- Born: Benjamin Starr October 18, 1921 New York City, United States
- Died: January 19, 2014 (aged 92) Los Angeles, California, United States
- Occupations: Television producer, creator and writer
- Notable work: Silver Spoons (co-creator); The Facts of Life (developer); Our Man Flint (co-writer);
- Spouse: Gloria Kaplan (m. 1949–1999; her death)
- Children: 3

= Ben Starr (television producer) =

American television writer and producer (1921–2014)

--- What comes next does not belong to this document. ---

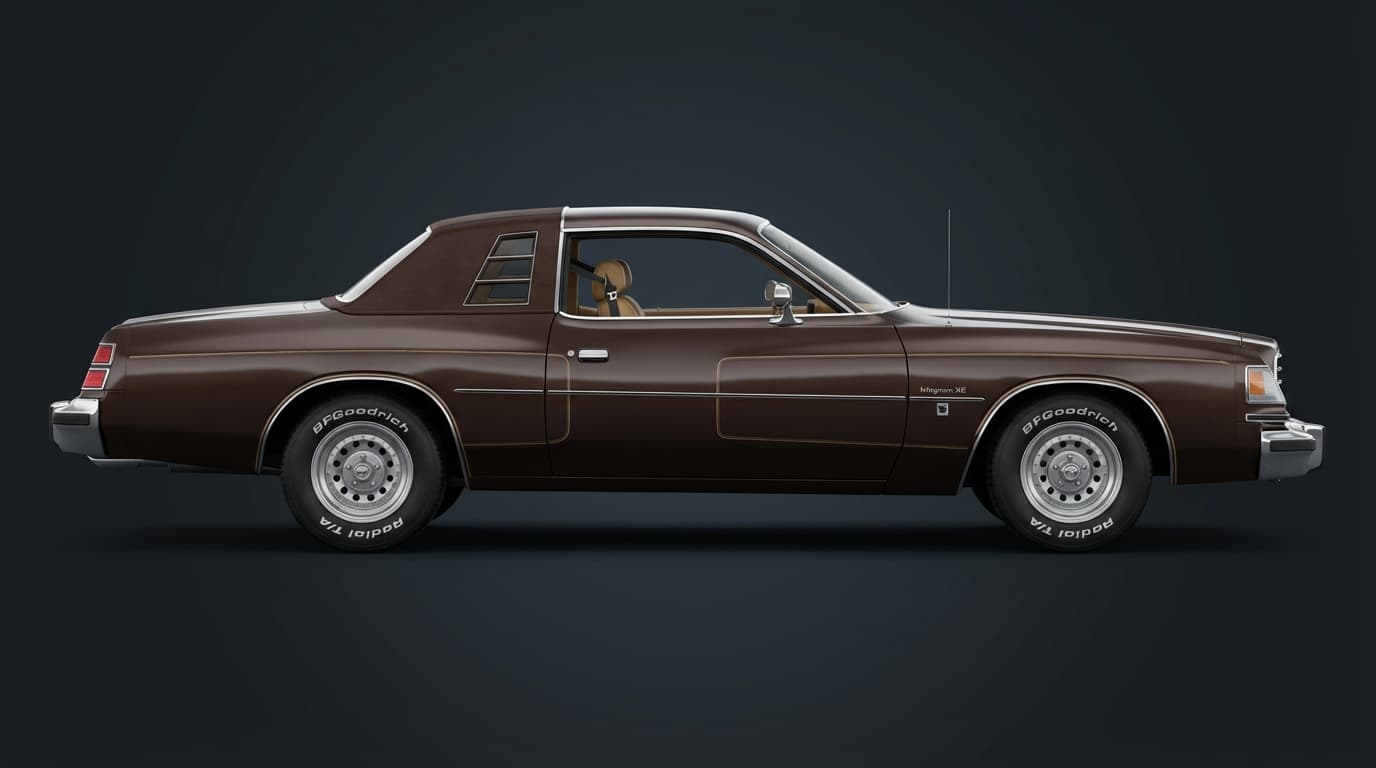 1979 Dodge Magnum XE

Benjamin Starr (October 18, 1921 - January 19, 2014) was an American television producer, creator, writer and playwright.

==Biography==
Born in Manhattan, New York, to Jewish Russian immigrants, Starr grew up in Brooklyn and worked in his parents' doughnut factory. He attended City College, later graduated from UCLA, and served in World War II. He became a second lieutenant navigator stationed in England and received the Distinguished Flying Cross. He flew 35 missions on B-17s and was once shot down.

After the military, he began writing comedy for radio stars, such as Al Jolson, Dean Martin, Jerry Lewis and George Burns. He started his television writing career for the live program Climax!.

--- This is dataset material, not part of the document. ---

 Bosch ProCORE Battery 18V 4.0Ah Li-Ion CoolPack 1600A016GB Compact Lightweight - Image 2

Starr co-created the sitcom Silver Spoons, helped develop The Facts of Life, and was a regular screenwriter for the popular series Mister Ed and All in the Family. He also wrote for such comedies as Chico and the Man, Maude, The Andy Griffith Show, Petticoat Junction and The Many Loves of Dobie Gillis. He is notably credited for writing The Brady Bunch episode "The Personality Kid" in which Peter Brady (Christopher Knight) delivers his Humphrey Bogart impersonation of "pork chops and applesauce". Starr also penned the Diff'rent Strokes line "What are you talking about, Willis?", in which Gary Coleman delivered in his own way and made it a catchphrase.

Starr also co-wrote the screenplays for the 1966 James Bond parody Our Man Flint, the 1966 Western satire Texas Across the River and the animated versions of Treasure Island (1972) and Oliver Twist (1974). He also wrote plays, including Broadway's The Family Way in 1965. The 2012 documentary Lunch featured Starr, along with Sid Caesar, Carl Reiner and other career comedy writers and performers who reflected on the genre and the industry.

==Personal life==
Starr was married to his wife Gloria Kaplan for 50 years, until her death in 1999. They had three children. At age 92, Starr died of congestive heart failure in 2014 at his home in Los Angeles.